Understanding GAI through McLuhan forces us to stop looking at the screen and look at the environment. The true effect of AI is not in the quality of the content it produces; it is in how it changes the structure of our work, our education, and our perception of what it means to be human. If human beings are what media make of them, GAI is shaping a subject that seeks synthesis and personalization rather than depth or the revelation of something that transcends it. But that does not mean we should fall into pessimism. In the world of media and technologies, there is no amputation without the expansion of another capacity. It is possible to think that we are facing a radical extension of our orchestration capacity. If the man of the “Gutenberg era” (dominated by printing, linear cause-effect relationships, and individualism) was a specialist dedicated to deepening a single line of thought, the subject of the AI era resembles more a conductor. Intelligence ceases to be an accumulation of data or a mechanical writing skill to become a faculty of design, of knowing how to ask questions, and of knowing how to connect results that were previously scattered in the background noise of global culture. The content of GAI is precisely all the previous media culture processed and made available as a set of probable associations. What we are experiencing is not the end of human creativity. Rather, it is its transition from a craft phase to a systemic phase. Just as the calculator did not make us worse at math, GAI could free us from the “carpentry” of language to allow us to inhabit the architecture of ideas.

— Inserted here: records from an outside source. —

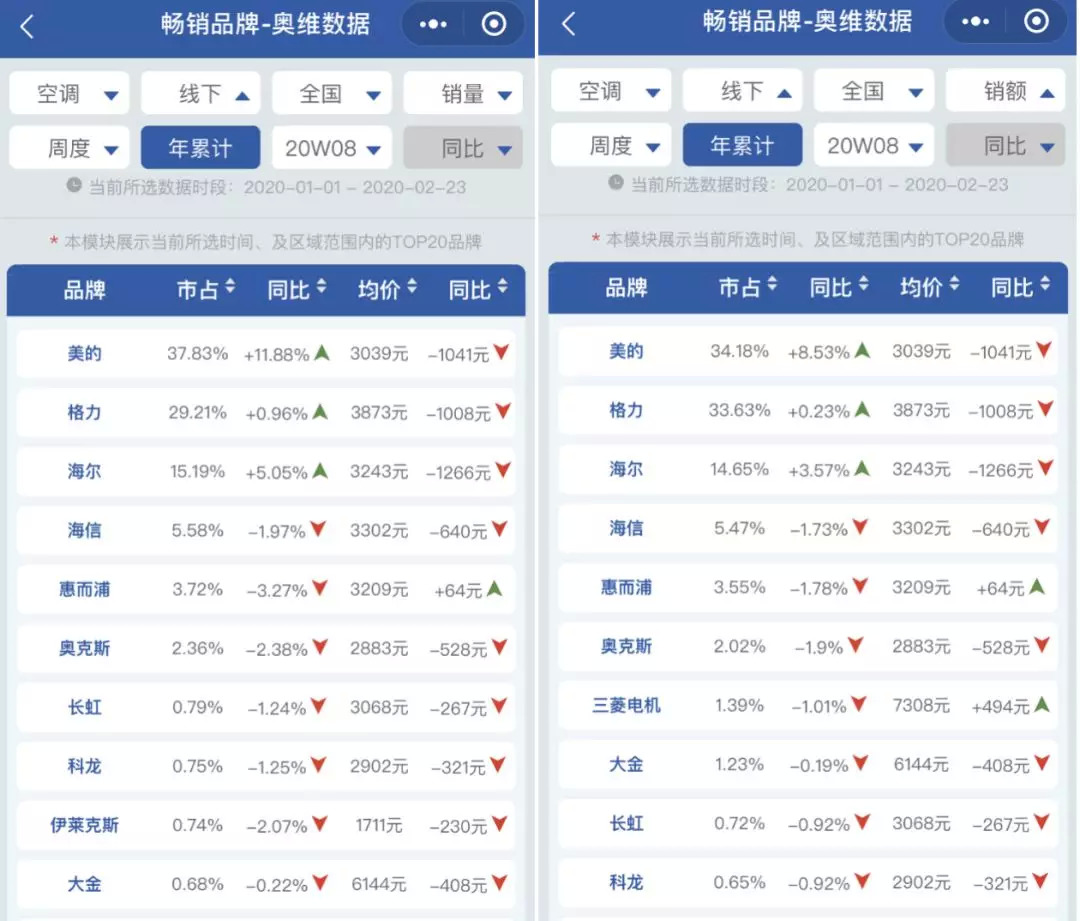 超越格力空调问鼎行业,美的空调今年还引爆一轮新商战!-家电圈官网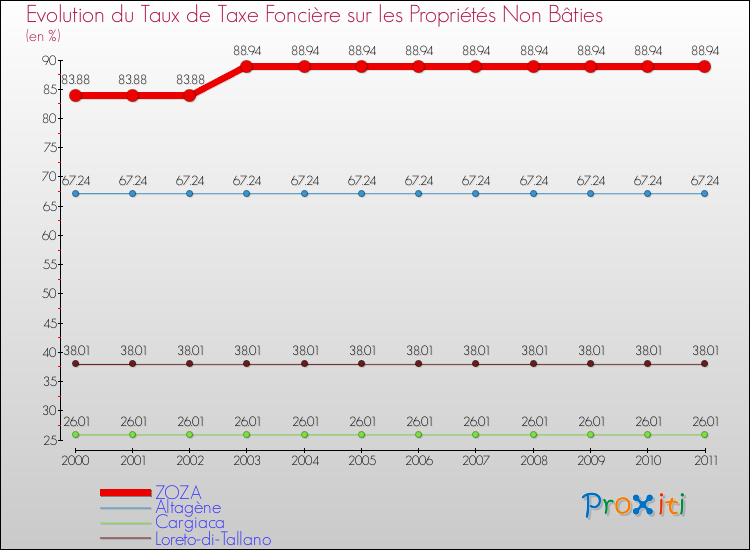 Evolution du taux de la taxe foncière sur les immeubles et terrains non batis pour ZOZA et les communes proches Comparaison des taux de la taxe foncière sur les immeubles et terrains non batis pour ZOZA et les communes voisines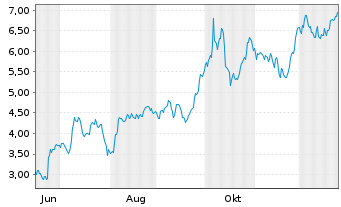 Chart Mini Future Long Aurubis - 1 Jahr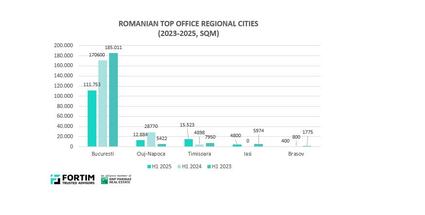 Timisoara, the only city with growth in the office rental market in 2025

Technology is not something we simply use; it is the environment in which we exist and with which we co-evolve. In this new evolutionary leap, the challenge is not to resist automation, a gesture as futile as that of someone trying to continue sending messengers on horseback in the age of the telegraph. It is rather to understand the new grammar of existence that these models generate both at the surface and background levels. Freedom does not come from taking a critical distance from the outside, but from accepting that we can only understand technical flows by allowing them to transform us, honing the sensitivity necessary to inhabit their speeds and turbulences without becoming adrift.